There are two principal approaches on the table, known as Gold and Green. Gold OA consists of publishing research articles in open-access journals. Green OA involves publishing in paywalled journals, but depositing the manuscripts in open repositories after an embargo, typically of 6 to 24 months. For a while, it seemed the UK government was committed to a Gold-first approach, but now it’s swinging back towards Green.

The harsh reality behind publishing costs

The main argument for Green is that Gold is expensive. The Finch Report, which the UK government policy leaned heavily on, assumed average article processing charges (APCs) in the range £1500 – £2000 (about €1800 – €2400) – a heavy financial burden for research-intensive universities. It’s hardly surprising that a lot of people reacted by asking who is going to pay?

There are five things to say in response.

First, we must not let the sometimes vociferous Gold-vs.-Green debate mask the strong agreement throughout the community that OA is the only rational, ethical and cost-effective way for research to be disseminated. Everything else is detail in comparison.

Second, lots of subscription journals also charge authors: page charges are not uncommon, and extra fees for colour illustrations are ubiquitous. It can cost an author more to publish behind a paywall than openly.

Third, the cost estimates in the Finch Report are hugely inflated – perhaps because of the editorial involvement of publishers who want to set expectations in their favour. Research shows that the average APC of journals that charge them is only $906 (about £570 or €680) – about a third of the Finch report’s amount.

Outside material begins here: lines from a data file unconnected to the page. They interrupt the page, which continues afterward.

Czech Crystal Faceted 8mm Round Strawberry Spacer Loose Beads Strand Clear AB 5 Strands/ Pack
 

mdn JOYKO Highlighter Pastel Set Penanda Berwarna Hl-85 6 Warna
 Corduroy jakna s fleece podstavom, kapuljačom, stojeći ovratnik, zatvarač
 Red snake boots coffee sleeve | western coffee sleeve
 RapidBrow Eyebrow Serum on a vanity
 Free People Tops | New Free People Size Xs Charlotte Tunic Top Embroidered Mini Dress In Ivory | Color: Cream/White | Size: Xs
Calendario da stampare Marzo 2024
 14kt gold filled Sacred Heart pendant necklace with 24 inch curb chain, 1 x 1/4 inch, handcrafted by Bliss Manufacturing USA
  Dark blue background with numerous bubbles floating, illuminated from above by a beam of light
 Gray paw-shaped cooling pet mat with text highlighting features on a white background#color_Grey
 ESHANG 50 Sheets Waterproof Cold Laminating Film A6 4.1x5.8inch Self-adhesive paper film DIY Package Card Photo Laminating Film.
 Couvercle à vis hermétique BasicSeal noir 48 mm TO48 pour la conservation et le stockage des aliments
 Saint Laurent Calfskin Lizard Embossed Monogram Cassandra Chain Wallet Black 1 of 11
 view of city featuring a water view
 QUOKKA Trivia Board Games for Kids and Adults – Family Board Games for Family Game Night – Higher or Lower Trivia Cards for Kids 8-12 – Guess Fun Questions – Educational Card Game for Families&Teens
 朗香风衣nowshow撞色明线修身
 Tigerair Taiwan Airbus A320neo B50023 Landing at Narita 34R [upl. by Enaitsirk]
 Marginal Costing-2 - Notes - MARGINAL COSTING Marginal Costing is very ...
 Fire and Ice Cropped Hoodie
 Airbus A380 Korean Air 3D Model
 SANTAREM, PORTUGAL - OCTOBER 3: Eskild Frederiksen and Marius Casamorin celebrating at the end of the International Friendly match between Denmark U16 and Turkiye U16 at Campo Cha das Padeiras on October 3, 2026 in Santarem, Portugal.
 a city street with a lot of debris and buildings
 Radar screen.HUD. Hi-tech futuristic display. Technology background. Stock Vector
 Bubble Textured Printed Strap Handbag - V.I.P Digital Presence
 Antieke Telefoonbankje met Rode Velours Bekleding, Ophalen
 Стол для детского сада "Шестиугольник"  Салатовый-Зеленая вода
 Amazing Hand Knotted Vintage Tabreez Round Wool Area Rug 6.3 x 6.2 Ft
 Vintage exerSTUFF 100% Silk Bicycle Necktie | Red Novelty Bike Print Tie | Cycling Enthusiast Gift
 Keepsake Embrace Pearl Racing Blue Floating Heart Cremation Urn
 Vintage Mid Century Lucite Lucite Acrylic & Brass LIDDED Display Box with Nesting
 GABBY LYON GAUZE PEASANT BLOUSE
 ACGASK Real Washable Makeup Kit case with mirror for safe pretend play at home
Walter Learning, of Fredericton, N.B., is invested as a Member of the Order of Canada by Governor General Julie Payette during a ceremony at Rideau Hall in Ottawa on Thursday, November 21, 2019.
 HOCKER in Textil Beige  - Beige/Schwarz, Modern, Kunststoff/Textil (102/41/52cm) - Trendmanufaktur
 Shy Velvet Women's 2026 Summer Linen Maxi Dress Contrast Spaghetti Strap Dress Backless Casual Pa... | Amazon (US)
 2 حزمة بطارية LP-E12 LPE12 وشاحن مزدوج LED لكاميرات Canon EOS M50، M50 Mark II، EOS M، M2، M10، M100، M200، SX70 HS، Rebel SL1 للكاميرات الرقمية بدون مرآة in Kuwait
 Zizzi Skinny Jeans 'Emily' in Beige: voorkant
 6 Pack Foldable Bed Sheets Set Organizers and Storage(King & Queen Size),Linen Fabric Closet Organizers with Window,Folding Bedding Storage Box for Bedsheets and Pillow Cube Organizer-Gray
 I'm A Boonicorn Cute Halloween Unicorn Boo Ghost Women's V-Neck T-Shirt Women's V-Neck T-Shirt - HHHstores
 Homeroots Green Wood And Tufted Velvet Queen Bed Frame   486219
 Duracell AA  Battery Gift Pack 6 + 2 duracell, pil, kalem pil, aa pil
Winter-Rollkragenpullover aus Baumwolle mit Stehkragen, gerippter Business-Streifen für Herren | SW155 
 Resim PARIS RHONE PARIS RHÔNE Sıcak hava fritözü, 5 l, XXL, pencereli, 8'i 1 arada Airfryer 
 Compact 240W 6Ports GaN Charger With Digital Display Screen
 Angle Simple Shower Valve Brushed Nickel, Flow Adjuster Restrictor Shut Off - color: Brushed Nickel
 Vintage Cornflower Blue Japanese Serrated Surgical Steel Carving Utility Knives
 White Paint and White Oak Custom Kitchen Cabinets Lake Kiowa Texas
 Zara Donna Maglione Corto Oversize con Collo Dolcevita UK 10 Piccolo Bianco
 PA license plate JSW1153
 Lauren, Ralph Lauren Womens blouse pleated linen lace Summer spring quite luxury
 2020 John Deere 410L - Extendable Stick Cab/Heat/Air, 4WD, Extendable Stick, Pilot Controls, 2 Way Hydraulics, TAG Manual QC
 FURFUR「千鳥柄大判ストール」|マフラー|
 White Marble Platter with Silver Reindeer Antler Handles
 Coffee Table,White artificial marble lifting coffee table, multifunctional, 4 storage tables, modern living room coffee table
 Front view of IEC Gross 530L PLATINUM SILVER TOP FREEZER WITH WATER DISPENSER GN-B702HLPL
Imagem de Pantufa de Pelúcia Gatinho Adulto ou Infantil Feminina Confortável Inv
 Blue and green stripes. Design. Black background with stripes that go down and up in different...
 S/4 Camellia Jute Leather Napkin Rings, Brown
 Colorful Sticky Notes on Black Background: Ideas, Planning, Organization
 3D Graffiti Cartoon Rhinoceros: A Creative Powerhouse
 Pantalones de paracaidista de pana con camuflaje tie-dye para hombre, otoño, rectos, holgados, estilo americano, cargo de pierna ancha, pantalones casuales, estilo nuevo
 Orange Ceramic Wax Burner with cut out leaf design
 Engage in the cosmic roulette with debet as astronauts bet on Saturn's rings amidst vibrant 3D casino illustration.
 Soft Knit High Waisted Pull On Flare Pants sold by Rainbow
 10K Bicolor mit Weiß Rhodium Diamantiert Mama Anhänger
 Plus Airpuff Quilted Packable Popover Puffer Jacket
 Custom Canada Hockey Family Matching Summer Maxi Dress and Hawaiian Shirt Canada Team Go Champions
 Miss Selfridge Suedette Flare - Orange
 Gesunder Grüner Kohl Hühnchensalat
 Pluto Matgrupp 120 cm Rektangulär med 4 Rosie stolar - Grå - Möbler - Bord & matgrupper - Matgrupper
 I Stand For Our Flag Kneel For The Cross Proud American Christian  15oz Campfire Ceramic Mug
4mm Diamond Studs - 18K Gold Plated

Fourth, most open-access journals don’t charge APCs at all: only about 29% charge a fee (although these journals account for about half of all OA articles). People often equate Gold OA with the payment of an APC – but it is not so.

Fifth, lots of journals that do charge APCs offer fee waivers for authors without access to publication funds. For example, PLOS has a no-questions-asked waiver policy, and BioMed Central lets you make a pre-submission waiver inquiry.

Putting all that together, it may not be surprising that though I’ve had articles published in half a dozen different open-access journals, I’ve yet to pay an APC.

Still, in a Gold OA world, some APCs will have to be paid, even if they’re mostly much less expensive than the Finch Report indicated. We can’t all take waivers.

Who should pay?

So where should the money come from?

There are three main options: block grants from funding bodies (as suggested by RCUK), money taken from grants (which would be increased accordingly) or library funds.

My own view is that at the moment we should be looking at the second option, transitioning to the third as funds are increasingly freed by the cancellation of expensive subscriptions. Block grants may be simpler to administrate, but they suffer from an important problem: when researchers use slush funds to pay APCs, they are insulated from the costs, and have no incentive to favour better value publishers. But when researchers are spending their own grant money, an efficient market in APCs will develop, rewarding the publishers who give the best value for money.

But the end-game has to be re-routing the money libraries currently spend on subscriptions. The average cost to the world of a paywalled paper is about €3700 (this figure stems from the STM Report for 2012, which reports a total subscription market worth €6.7 ($9.1) billion, publishing 1.8–1.9 million articles).

Once we stop pouring that money away every year, we can spend a tenth of it on Gold APCs, and invest the rest in infrastructure, staff and research.